Breach of Contract Elements
For someone to claim breach of contract in Nevada, the following elements must occur:
- A valid contract must exist between the plaintiff and the defendant.
- The defendant didn't pay the other party for their services or the defendant only partially performed the services agreed to in the contract.
- The defendant's failure to provide products or services led to a material breach of the contract. A material breach occurs when the breach is significant enough to destroy the integrity of the contract.
- The defendant didn't offer sufficient reason for failing to pay for services or not completing the services they were contracted to perform.
- The plaintiff was in compliance with their contract terms prior to the defendant's failure to provide services or products or the plaintiff provided sufficient reason to excuse not meeting the terms.
- The plaintiff suffered damage because of the breach.
- The plaintiff's damages were a foreseeable result of a particular breach.
Damages of Breach of Contract
Breach of contract law in Nevada allows one party to file a lawsuit against the other party to obtain damages for the breach. To pursue the claim, the party must be able to prove that the breach occurred.
If the parties involved can't settle the breach on their own without legal action, it is recommended that the complainant hire an attorney. In cases where the court awards damages to the plaintiff, they are enforcing what is appropriate under the contract.

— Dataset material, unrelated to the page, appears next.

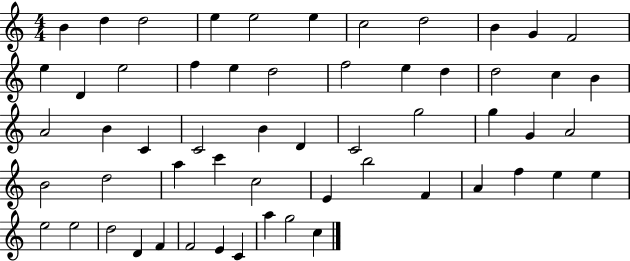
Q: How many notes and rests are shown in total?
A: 57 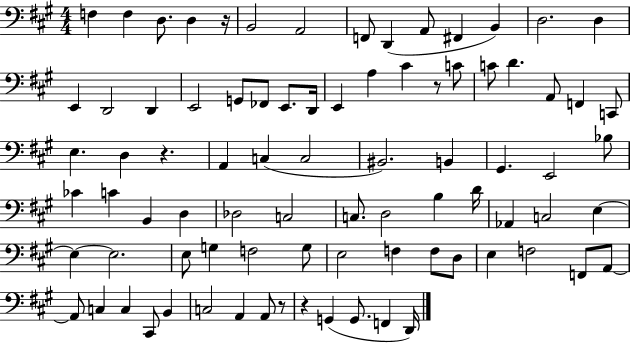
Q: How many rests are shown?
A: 5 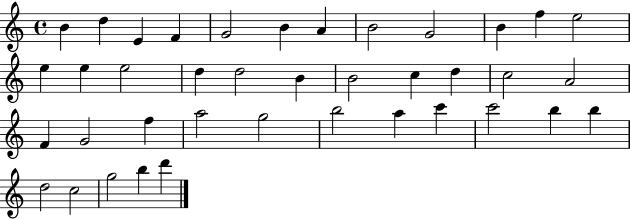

In many breach of contract cases, the plaintiff sues for monetary damages as compensation. Monetary damages are also known as compensatory damages because they compensate the plaintiff for the actual financial losses they suffered. Types of compensatory damages include:
- Expectation damages, which is the amount of money or value of the goods the plaintiff expected to receive if the defendant had satisfied the contract conditions. The plaintiff can refer to the contract terms or the market value of the promised products or services to decide this amount. For example, if an electrician installs a wiring system in a house and the homeowner agrees to pay $2,000, the electrician's expectation damages, if the homeowner doesn't pay, would be $2,000.
- Consequential damages, which is the amount of damages the plaintiff suffered indirectly because of the breach. Because it is difficult to figure out how much money the plaintiff could have gained without the breach, this amount is often speculation. For example, a limousine rental company contracts a mechanic to repair one of their vehicles and the mechanic doesn't complete the repairs. The consequential damages equal the amount of rental fees the company would have received for renting the limo. In cases where the plaintiff is seeking consequential damages, they must prove that the loss of income was foreseeable and was a direct result of the breach.
In some breach of contract cases, the plaintiff pursues other types of damages. For example, if the owner of a property decides not to sell and there is a contract for the sale in place, the buyer could ask for damages that forces the defendant to sell the property as agreed in the contract.